» **Directions for this task**:
From the listing that follows, reproduce only the lines from the one holding "Caneca Presente Dia" through the one holding "SANITARIOS CENTENARIOS FERNANDO", both included, with no pictures.

--- Supplied entries ---

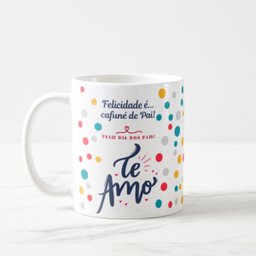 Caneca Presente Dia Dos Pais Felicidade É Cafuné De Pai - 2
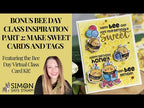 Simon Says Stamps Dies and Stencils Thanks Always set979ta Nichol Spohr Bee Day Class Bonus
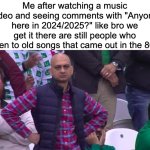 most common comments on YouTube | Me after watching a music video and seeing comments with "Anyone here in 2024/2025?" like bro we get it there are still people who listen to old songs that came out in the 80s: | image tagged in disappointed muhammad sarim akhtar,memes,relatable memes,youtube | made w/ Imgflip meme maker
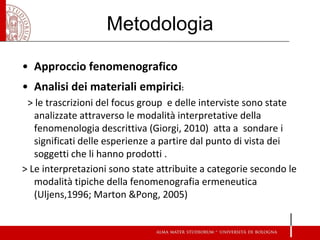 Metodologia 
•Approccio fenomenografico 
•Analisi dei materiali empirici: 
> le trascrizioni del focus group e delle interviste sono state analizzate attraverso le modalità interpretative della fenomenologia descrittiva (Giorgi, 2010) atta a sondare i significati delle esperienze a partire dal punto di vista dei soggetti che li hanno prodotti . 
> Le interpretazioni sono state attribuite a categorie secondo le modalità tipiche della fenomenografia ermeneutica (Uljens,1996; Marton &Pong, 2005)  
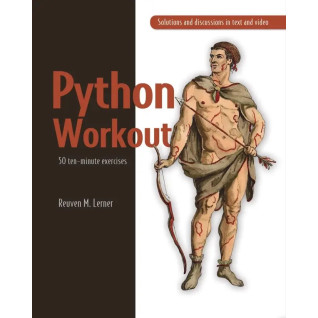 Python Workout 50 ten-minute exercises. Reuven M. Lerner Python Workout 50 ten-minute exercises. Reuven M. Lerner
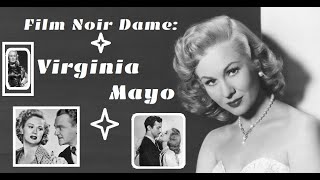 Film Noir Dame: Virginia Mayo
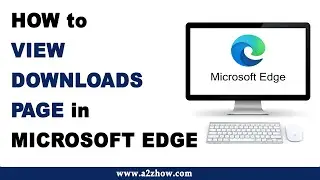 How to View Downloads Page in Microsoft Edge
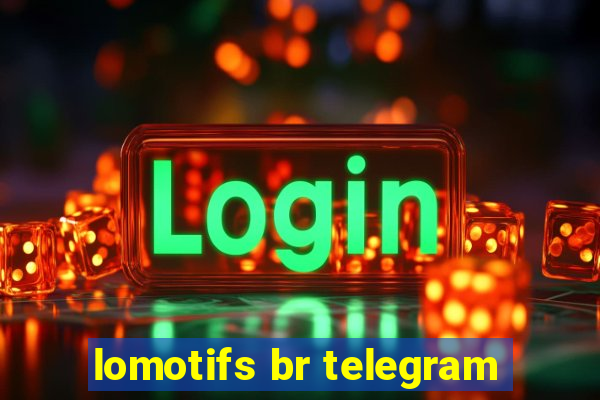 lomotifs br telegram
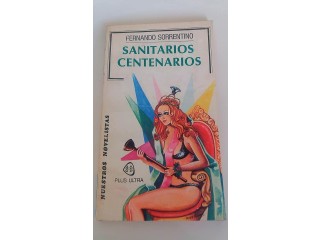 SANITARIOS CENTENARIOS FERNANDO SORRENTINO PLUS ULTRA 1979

---
--- Supplied entries ---

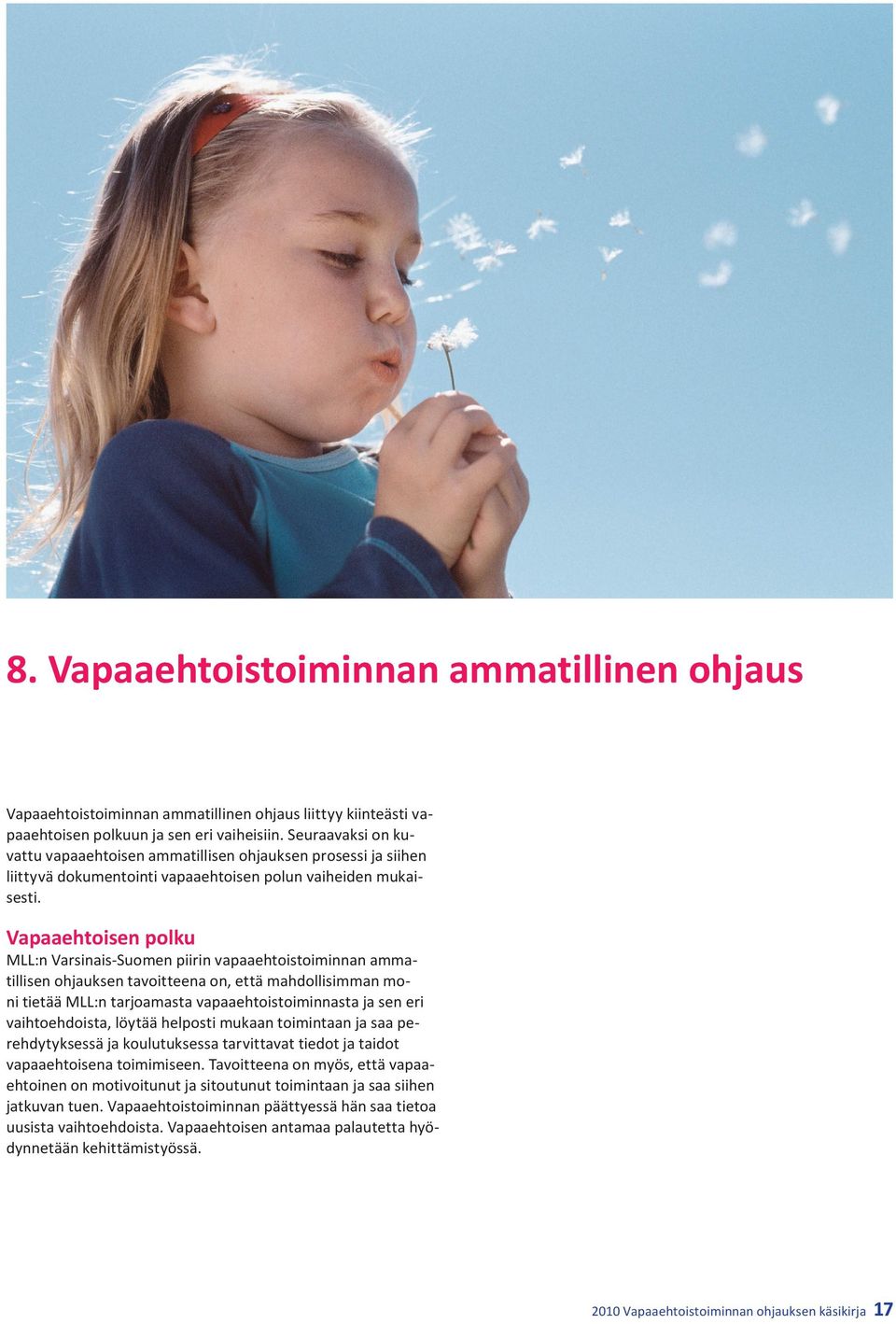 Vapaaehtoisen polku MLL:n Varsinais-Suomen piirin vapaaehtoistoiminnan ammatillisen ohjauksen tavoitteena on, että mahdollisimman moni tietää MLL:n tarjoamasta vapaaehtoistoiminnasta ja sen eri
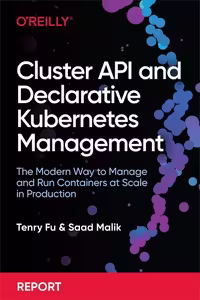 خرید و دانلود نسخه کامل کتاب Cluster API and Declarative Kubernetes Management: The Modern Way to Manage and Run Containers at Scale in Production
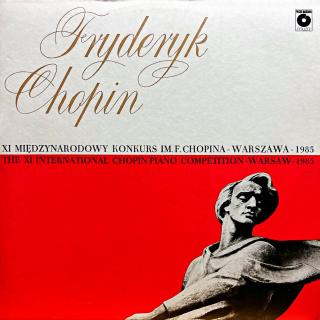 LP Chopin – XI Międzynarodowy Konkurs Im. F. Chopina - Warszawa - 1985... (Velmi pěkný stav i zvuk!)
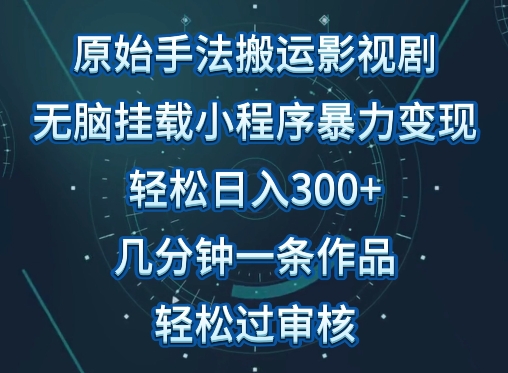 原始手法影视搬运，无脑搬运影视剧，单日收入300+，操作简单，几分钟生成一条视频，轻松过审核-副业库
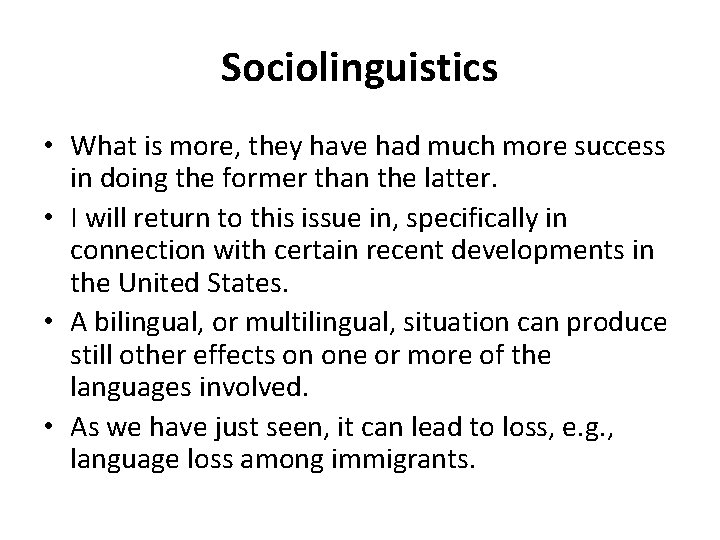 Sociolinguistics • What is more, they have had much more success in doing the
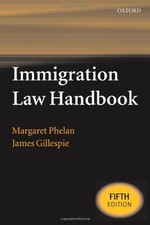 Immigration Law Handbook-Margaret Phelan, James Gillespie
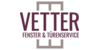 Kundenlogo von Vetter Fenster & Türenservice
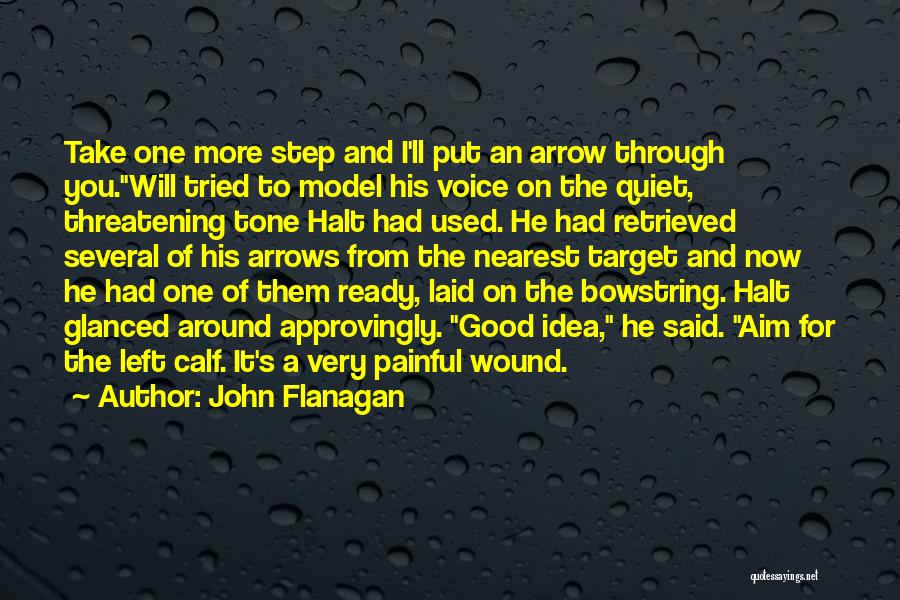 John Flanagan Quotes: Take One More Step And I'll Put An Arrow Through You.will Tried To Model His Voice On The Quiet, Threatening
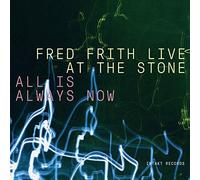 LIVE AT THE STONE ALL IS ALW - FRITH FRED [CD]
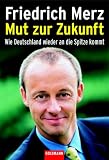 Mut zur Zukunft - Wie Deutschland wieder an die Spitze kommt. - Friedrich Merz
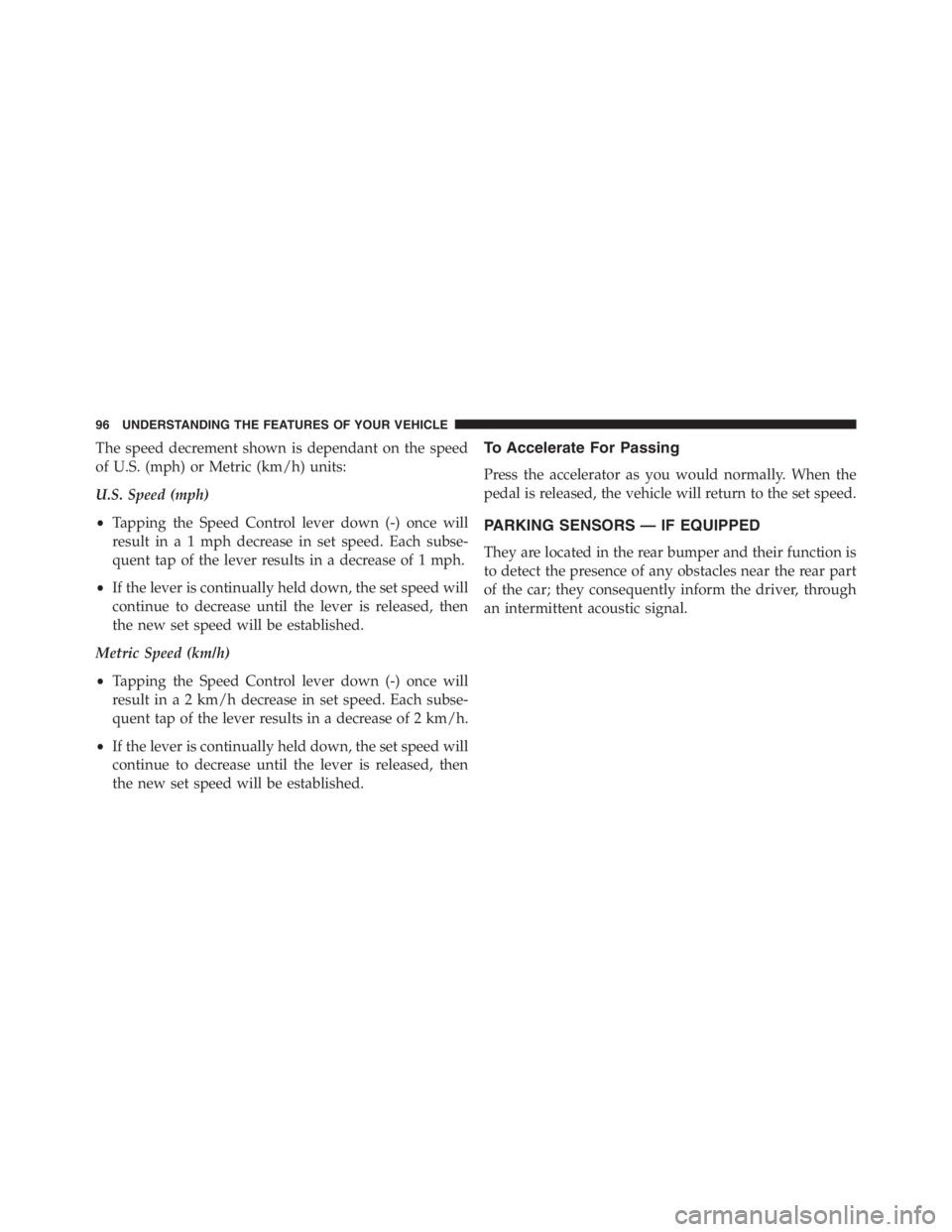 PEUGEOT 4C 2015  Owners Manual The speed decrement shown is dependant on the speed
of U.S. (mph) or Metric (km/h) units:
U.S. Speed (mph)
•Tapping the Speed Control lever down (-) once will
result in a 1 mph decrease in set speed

---
--- Supplied entries ---

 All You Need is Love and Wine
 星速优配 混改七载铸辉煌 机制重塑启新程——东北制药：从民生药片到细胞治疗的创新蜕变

---

» **Task response**:
 Caneca Presente Dia Dos Pais Felicidade É Cafuné De Pai - 2
 Simon Says Stamps Dies and Stencils Thanks Always set979ta Nichol Spohr Bee Day Class Bonus
 most common comments on YouTube | Me after watching a music video and seeing comments with "Anyone here in 2024/2025?" like bro we get it there are still people who listen to old songs that came out in the 80s: | image tagged in disappointed muhammad sarim akhtar,memes,relatable memes,youtube | made w/ Imgflip meme maker
 Metodologia 
•Approccio fenomenografico 
•Analisi dei materiali empirici: 
> le trascrizioni del focus group e delle interviste sono state analizzate attraverso le modalità interpretative della fenomenologia descrittiva (Giorgi, 2010) atta a sondare i significati delle esperienze a partire dal punto di vista dei soggetti che li hanno prodotti . 
> Le interpretazioni sono state attribuite a categorie secondo le modalità tipiche della fenomenografia ermeneutica (Uljens,1996; Marton &Pong, 2005)  
 Python Workout 50 ten-minute exercises. Reuven M. Lerner Python Workout 50 ten-minute exercises. Reuven M. Lerner
 Film Noir Dame: Virginia Mayo
 How to View Downloads Page in Microsoft Edge
 lomotifs br telegram
 SANITARIOS CENTENARIOS FERNANDO SORRENTINO PLUS ULTRA 1979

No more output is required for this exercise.